Segundo. El modelo de ventajas tácitas en la Corte se resquebraja. Durante años hubo una paradoja: en asuntos de fondo había diferencias; en percepciones económicas, unanimidad. Silencio absoluto, opacidad total. La irrupción de la ministra Lenia Batres rompió esa dinámica. Pidió lo que parecía imposible: transparencia en sueldos y prestaciones, y actuó en consecuencia. Señaló la contradicción de debatir con pluralidad sobre la Constitución, pero callar frente a los beneficios propios. Su exigencia no fue solo jurídica, fue ética. La reacción fue inmediata. Un embate mediático sostenido buscó reducirla a una figura incómoda. Intentaron colocarla en el margen, etiquetarla como disonancia aislada. Pero su voz marcó un quiebre histórico que no se advierte que haya caminos de regreso.
Batres puso sobre la mesa una evidencia que nadie había querido tocar: la legitimidad del tribunal depende también de cómo maneja su relación con el dinero público. Ese gesto, disruptivo, abrió una fisura en el muro corporativo. Y esa fisura, repito, ya no se puede cerrar. El cambio que viene no es sólo generacional, es de perfiles. El mundo del litigio lo empieza a mostrar. Los despachos tradicionales, ligados a los viejos circuitos de poder, ya no son los únicos protagonistas. Abogados con otra formación entran en escena. Defensores de derechos humanos. Ambientalistas. Expertos en género. Especialistas en tecnología. Su visión es distinta. No parten de la lógica corporativa, sino de la demanda social. Este nuevo perfil irá ganando carta de naturalización gradualmente. No desplazarán de golpe a los grandes despachos, pero los obligarán a compartir el espacio.

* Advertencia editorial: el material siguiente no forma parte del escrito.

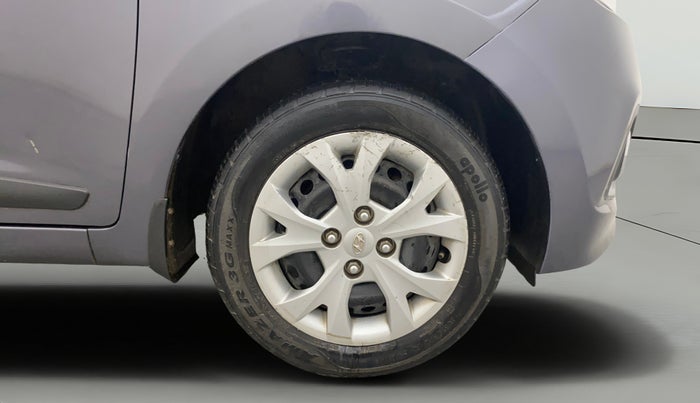 2015 Hyundai Grand i10 SPORTZ 1.2 KAPPA VTVT, Petrol, Manual, 29,847 km, Right Front Wheel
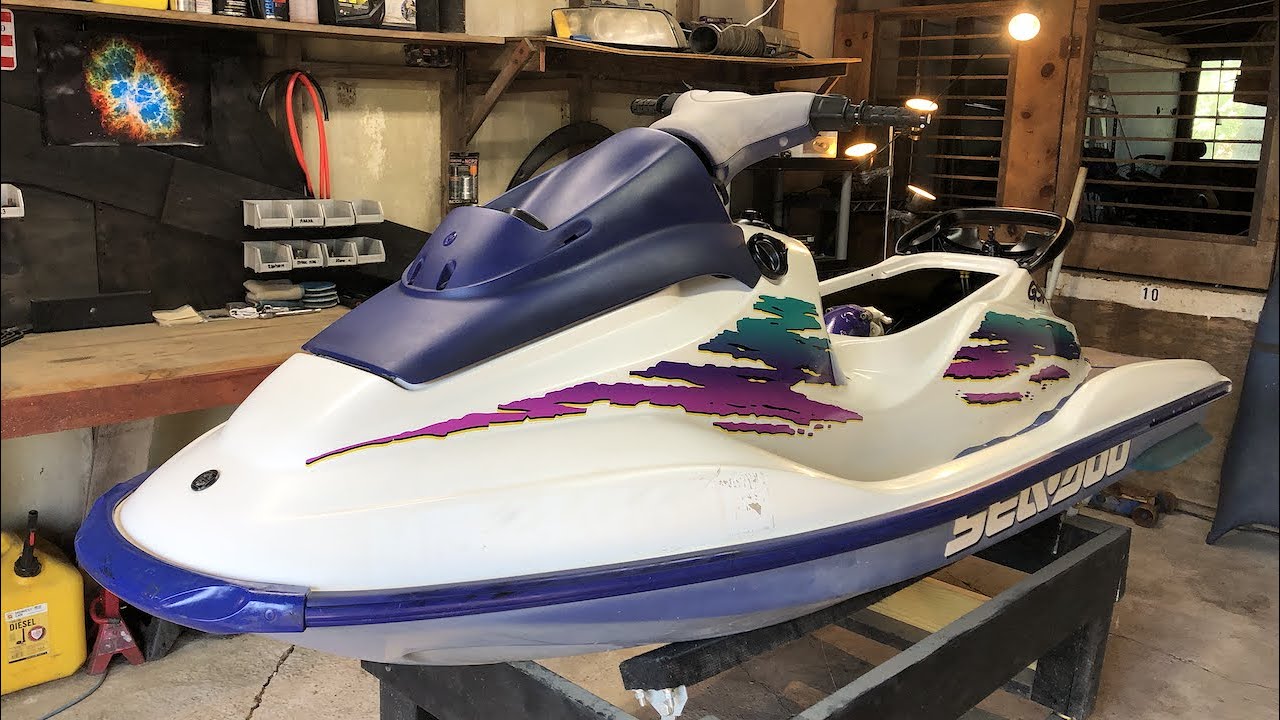 Seadoo GSX 787 Revival Ep. 2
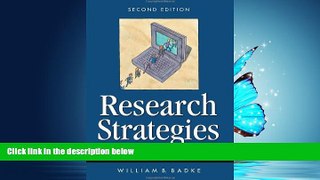 Free [PDF] Downlaod  Research Strategies: Finding Your Way Through the Information Fog  FREE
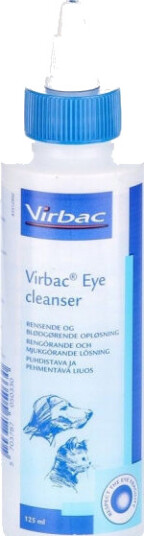 Virbac Øyerens for Hund og Katt 125 ml med Beroligende Blomsterekstrakter Virbac Øyerens for Hund og Katt 125 ml med Beroligende Blomsterekstrakter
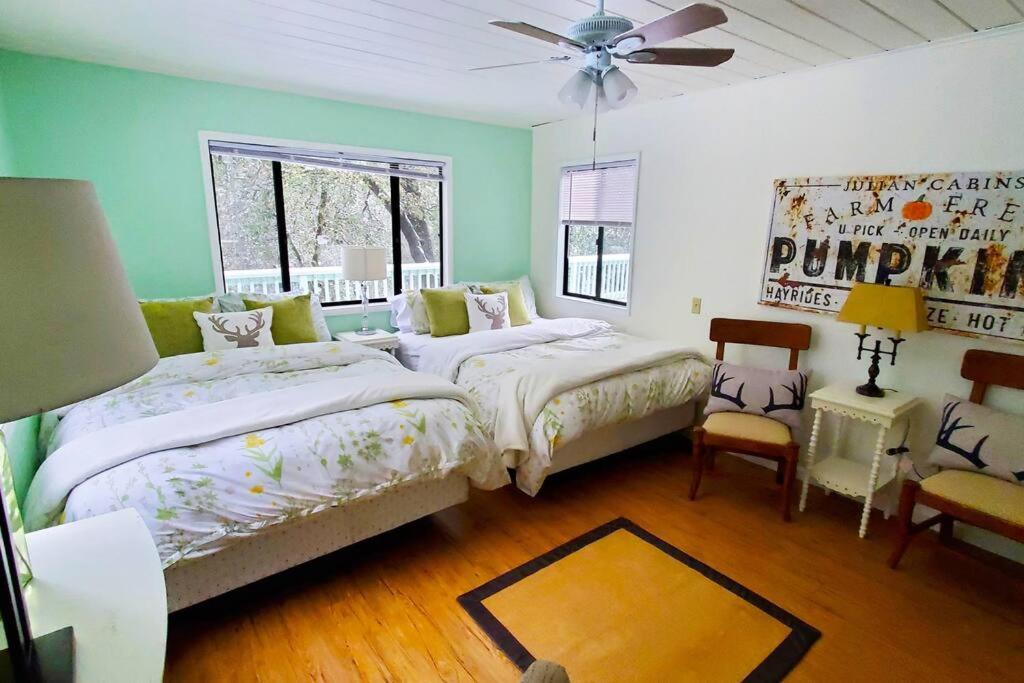 Pine Hills Cabin In جوليان المظهر الخارجي الصورة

Tercero. La agenda de casos que llega a la Corte ya no será la misma. El derecho frío se combina con exigencias colectivas. La Corte tendrá que aprender a dialogar con este litigio distinto, más abierto, más plural. Si se adapta, ganará legitimidad. Si se encierra en su formalismo, quedará fuera de la realidad social. A esta tensión se suma un hecho relevante: las instituciones académicas, que durante décadas marcaron pauta en la interpretación del derecho, han entrado en abierto conflicto con el Congreso y con el Ejecutivo. Su peso en la definición de políticas públicas ha disminuido. Lo más probable es que ocurra lo mismo con la SCJN. Su influencia se convierte en testimonial. Su espacio será el de la crítica constante, de la catarsis emocional y del desahogo académico. Pero ya no están, y difícilmente volverán a estar, en el circuito real de toma de decisiones en el diseño normativo e institucional del país. La discusión dejó de pasar por ellas. El tablero cambió. Lo que antes era autoridad incuestionada, hoy es voz en resistencia, con eco limitado fuera de sus propios recintos.
La nueva Corte debe enfrentar la polarización social, romper con las prácticas heredadas y asumir el cambio de perfiles en el litigio. Debe hacerlo mientras un sector niega los hechos y mientras instituciones antes dominantes quedan reducidas a espacios de catarsis. El reto es sostener legitimidad en un país donde la justicia se mide más por la percepción que por la técnica. El ejemplo de Lenia Batres lo confirma: incomodar genera resistencia, pero también abre caminos. La vida institucional del país sigue. Y la Corte tendrá que elegir si acompaña ese movimiento o si queda atrapada en un pasado que muy difícilmente volverá.